For conclusion I'll type a bit about Dominions. I typed a bit about Dominions before and I'll do so again here: in Dominions (one of the source inspirations for YRS-verse) you can get a lot of tactical flexibility from very high investment in only one or two paths, even if there are eight paths in total. Just because we've got a diversity of tricks, doesn't necessarily mean we're too spread out so long as the tricks all relate to the same concepts we're empowering. Look at the Ducal builds. They're able to be better-than-good in just about every field, and truly excel in multiple on top of that. I don't think we're Ducal tier, but like. We're pretty far from needing to cut
more of our options just to make sure the ones we have are able to land properly. I think that the odds are good that we'll continue to have good Field, Summon and Finisher effects for damage but lack a strong middle option for damage, rely on our fields for most of our control/damage, and lack dispels. These are problems that our spirits help solve for us, but that Ducal champs would likely be able to do on their own because Ducal champs are strong as heck.
Like. We already sacrificed most of our middle-ground offensive potential, and I'd rather finish sacrificing that then start hacking apart the Finisher that can reallllly abuse all the stats we have to support it (mobility, stealth, bulk, to-hit, penetration, Qi-reserve-advantage). Stronger fields don't solve conceptual obstacles to that portion of our build, which was the issue Ji Rong had facing us. We had a better set of concepts to box with him with, and forced him to play to his finisher. A stronger finisher for Ji Rong there doesn't solve the conceptual issue that he was pinning all his hope on one part of the battle, while we planned to win basically all the rest of it. Trying to win a whole war in one decisive strike isn't good strategy, it's desperation, and we shut it down with properly prepared defenses.

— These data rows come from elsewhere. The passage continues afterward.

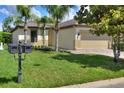Inviting single-story home featuring a manicured lawn, palm trees, and a charming mailbox on a sunny day at 514 Cadiz Dr, Davenport, FL 33837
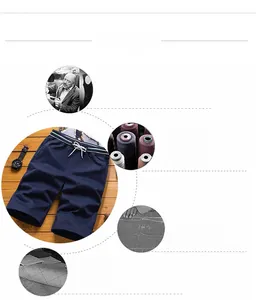 Detail of dark blue men's shorts showing elastic drawstring waist and fabric texture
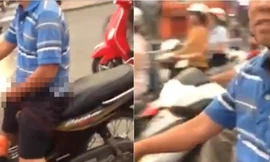 Kể cả khi dừng chờ đèn đỏ, người này cũng không dừng hành động khiếm nhã của mình lại, bất chấp đang bị nhiều người dòm ngó, ghi hình. 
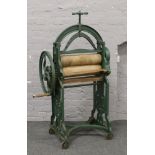 A green painted Victorian cast iron mangle marked New Crown Diamond trade mark by J. R. Sharp &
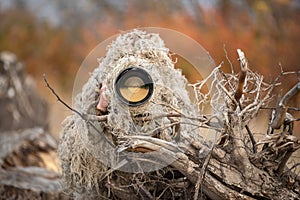 Wildlife photographer in the ghillie suit working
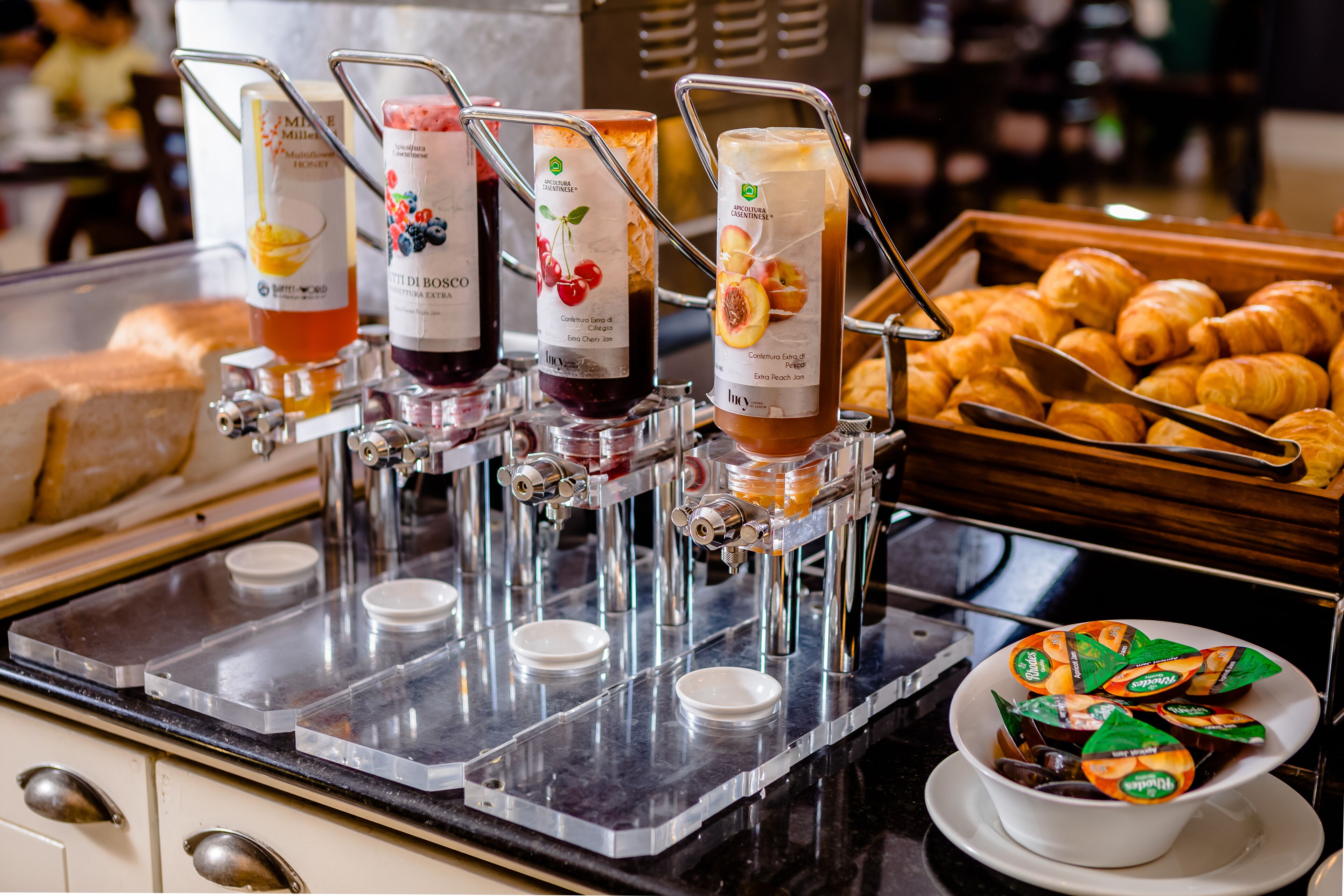 Een ontbijtbuffet met diverse jusdarm, een schaal croissants en een kommetje yoghurtbekers.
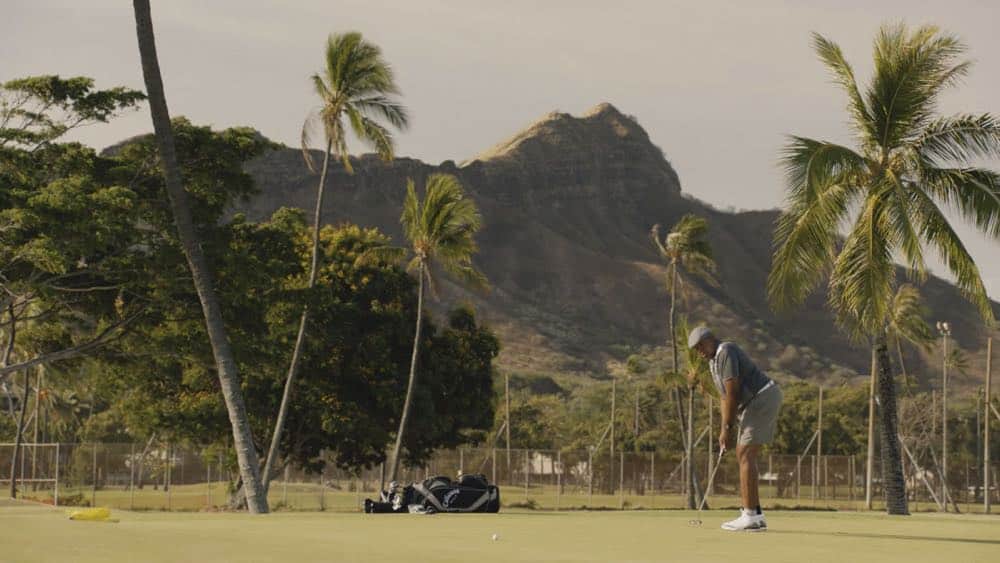 "Mimiki ke kai, ahuwale ka papa leho" -- Crime spikes when a heat wave hits Oahu, causing McGarrett and Danny to hunt down a bank thief, and Tani and Junior's car is stolen while they're on duty. Also, Grover plays the golf game of a lifetime, and Kamekona incites a riot by price-gouging on his shave ice, on HAWAII FIVE-0, Friday, Oct. 12 (9:00-10:00 PM, ET/PT) on the CBS Television Network. Pictured: Chi McBride as Lou Grover. Photo: Screengrab/CBS é2018 CBS Broadcasting, Inc. All Rights Reserved ("Mimiki ke kai, ahuwale ka papa leho" is Hawaiian for "When the Sea Draws Out the Tidal Wave, the Rocks Where the Cowries Hide Are Exposed")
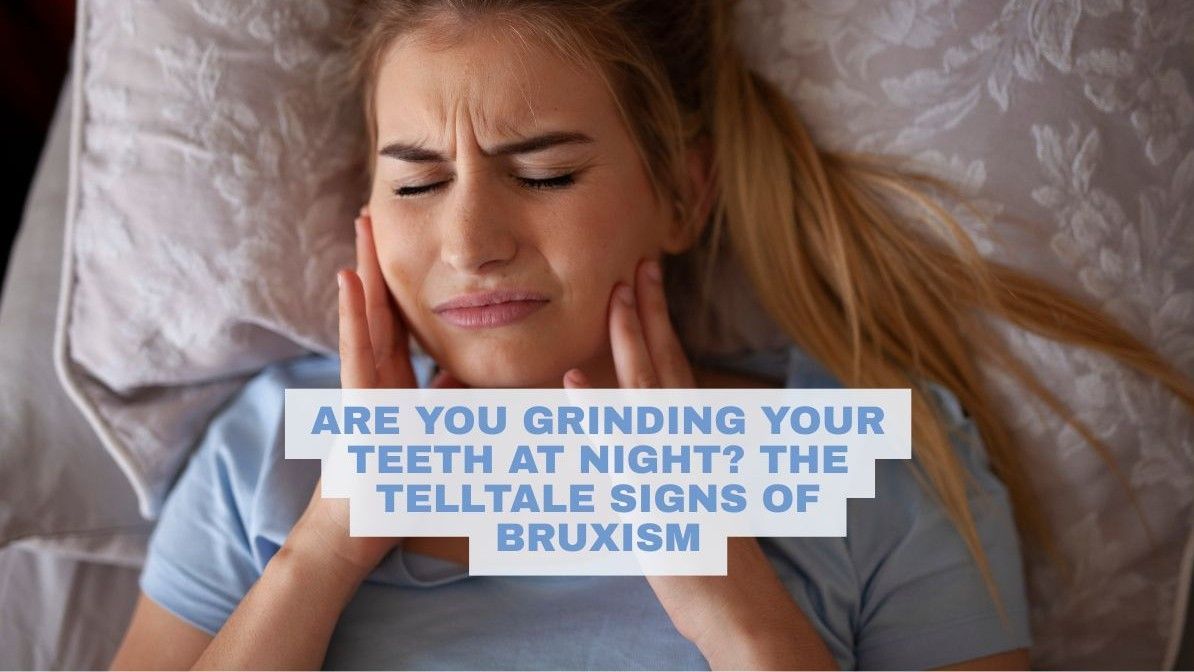 A woman grinds her teeth while in bed sleeping 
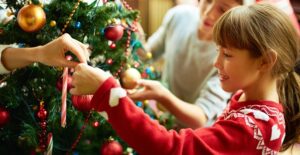 Siblings decorating the family christmas tree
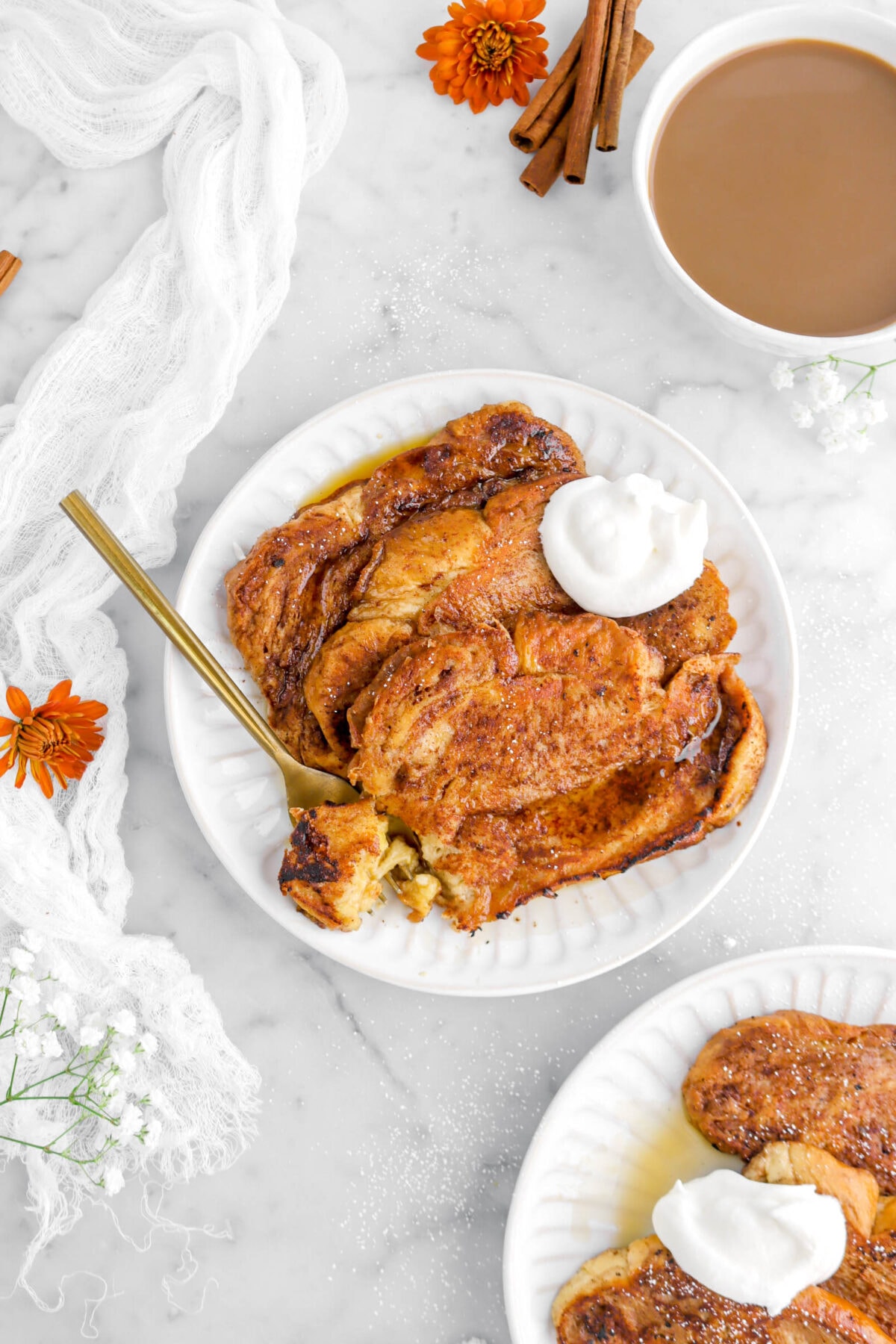 three slices of cinnamon french toast with gold fork beside, a mug of coffee, cinnamon sticks, flowers, a second plate, and white cheese cloth around on marble surface.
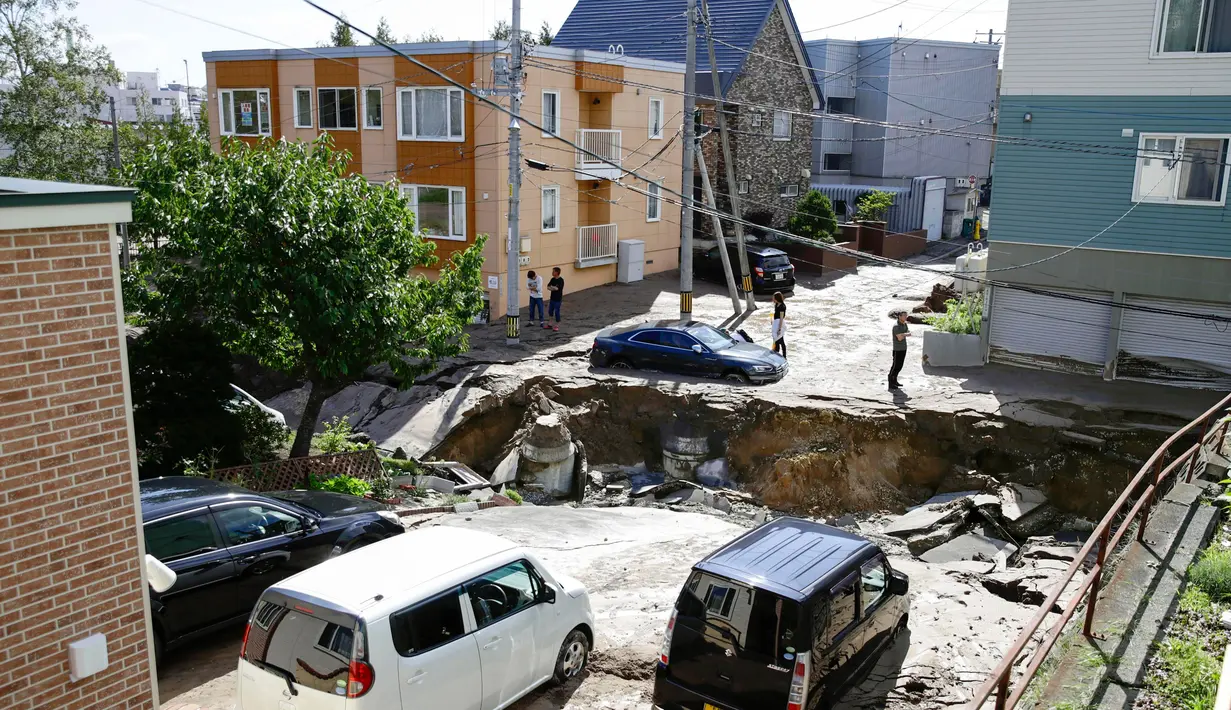 Sejumlah warga melihat kondisi jalan yang mengalami kerusakan parah akibat Gempa Magnitudo 6,7 di Sapporo, Hokkaido, Jepang, Kamis (6/9). (Hiroki Yamauchi/Kyodo News via AP)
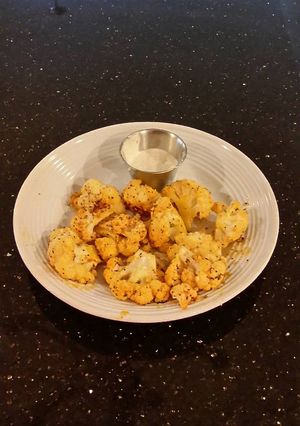 A picture of Romano Cheese Crusted Spicy Cauliflower Bites.
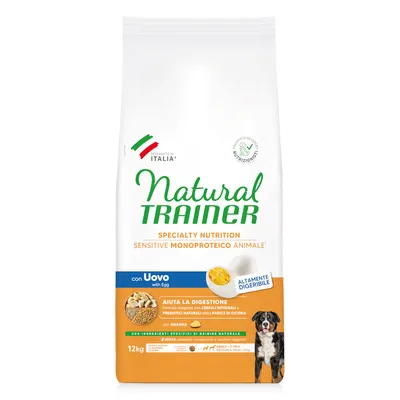Sac de 12 kg Natural Trainer Sensitive Monoproteico Animale avec œuf, mentionne 'hautement digestible', céréales complètes, ananas, sans colorants ni conservateurs ajoutés. Texte en italien.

Similarly, relying on our fields "just being strong enough" isn't a good strategy. It's just a hope, not a plan. Defeat in Detail is a plan, and a Finisher that increases in usefulness based on how much Qi we've gathered from the fallen makes that plan better. I could see an argument for a Mid-ground Offense fueled by all that Qi being higher utility, or some sort of wall-breaking debuff, but not additional Field/Construct investment. We want something that makes use of all that excess Qi to break down the Walls that would otherwise stagnate us. We don't need more control or better fields, those are both already effective. Damage or debuff or finisher, but not more of what we're already great at
Basically, our goal is to only pull whatever our Qi-Dumping tool is once we've got our Qi engine thrumming with all the little ends we're inflicting on the enemy forces. Something that makes us a problem that ramps up in danger over time, that you can't just stick a Wall in front of and call it a day. We want to make sure we don't stagnate, and to that end we can grab Damage, Debuffs or Finishers to overcome that obstacle. I'd prefer Finisher, because it sounds the most likely to succeed in cases we're forced to pull it out, but hey. Debuffs sound good to me too now that I've typed all this out.
Either way, not more Field/Summons/Control. Different concept to help prevent our getting stagnated, and hey! Maybe we'll get a debuff Art that leads
into a potential Finisher. That'd be ideal, really.